• **Data**:

╭──

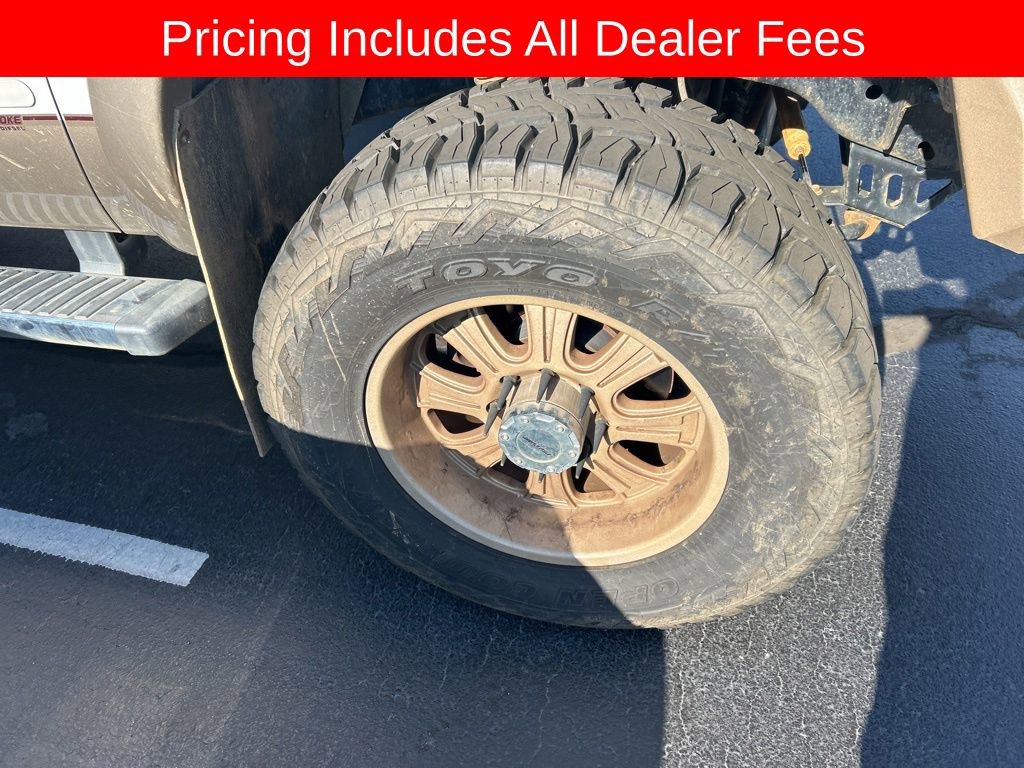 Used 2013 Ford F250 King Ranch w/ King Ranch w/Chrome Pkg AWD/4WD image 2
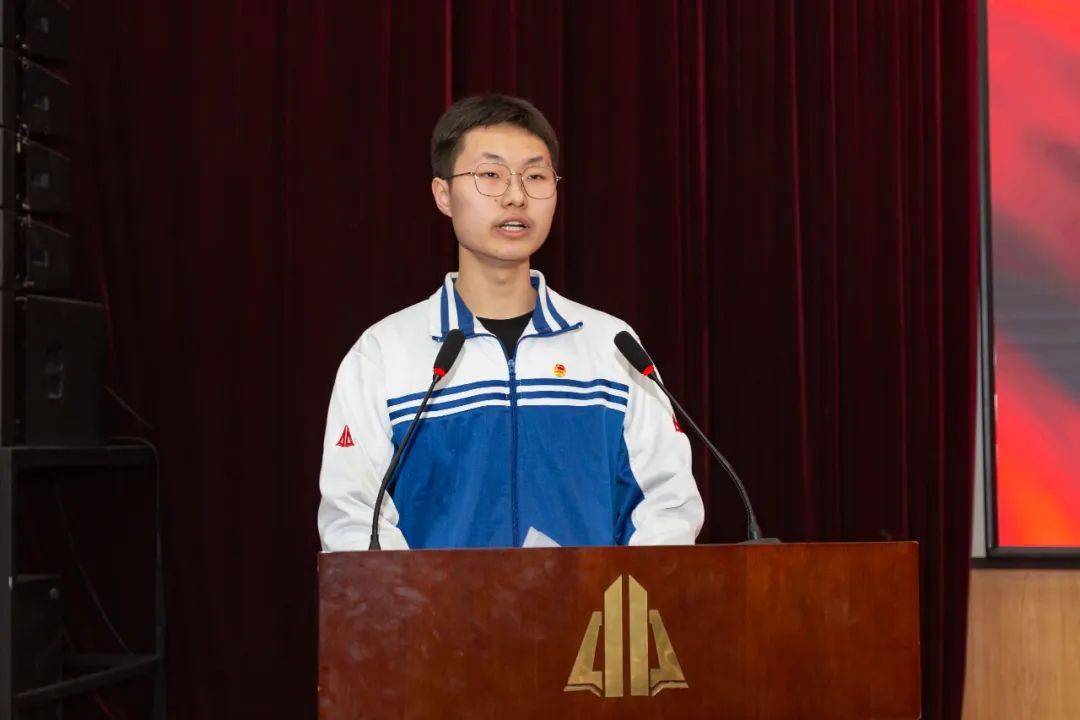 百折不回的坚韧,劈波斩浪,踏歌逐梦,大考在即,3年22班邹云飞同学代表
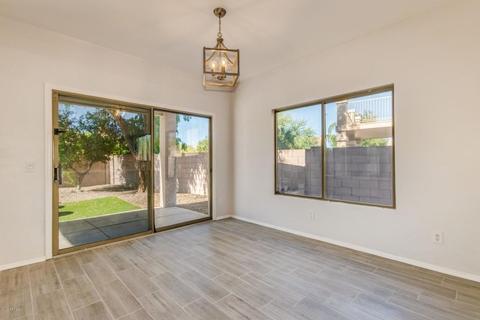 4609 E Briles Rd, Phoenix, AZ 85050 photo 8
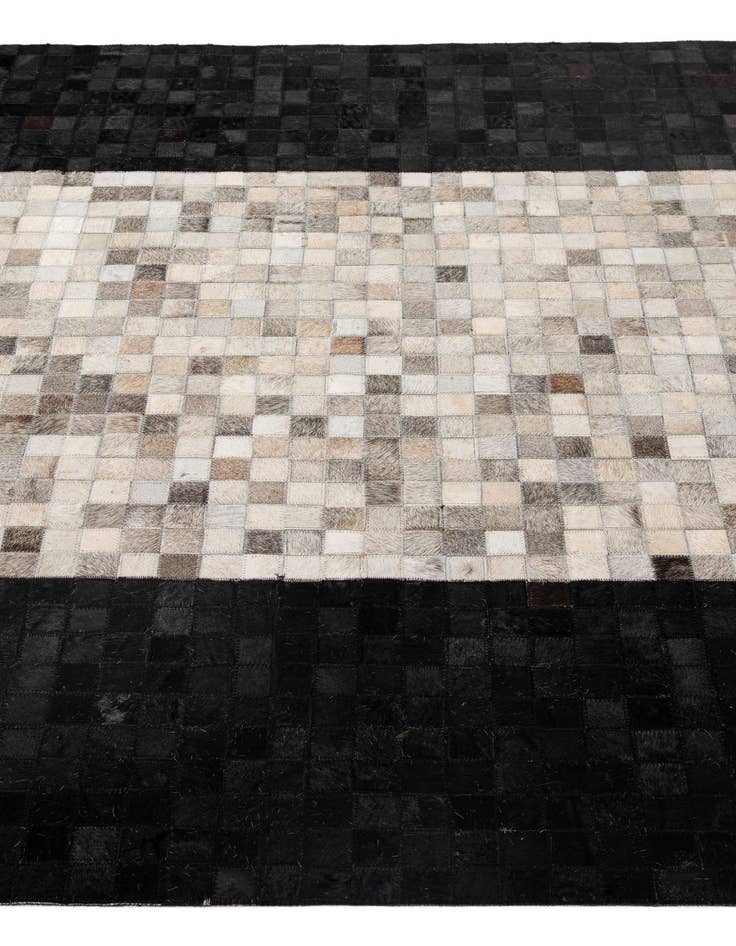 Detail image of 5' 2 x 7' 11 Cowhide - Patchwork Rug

╰──

• **Description of the task**:
Copy the listing above word for word. Do not include the pictures.

• **Answer to this problem**:
 Used 2013 Ford F250 King Ranch w/ King Ranch w/Chrome Pkg AWD/4WD image 2
 百折不回的坚韧,劈波斩浪,踏歌逐梦,大考在即,3年22班邹云飞同学代表
 4609 E Briles Rd, Phoenix, AZ 85050 photo 8
 Detail image of 5' 2 x 7' 11 Cowhide - Patchwork Rug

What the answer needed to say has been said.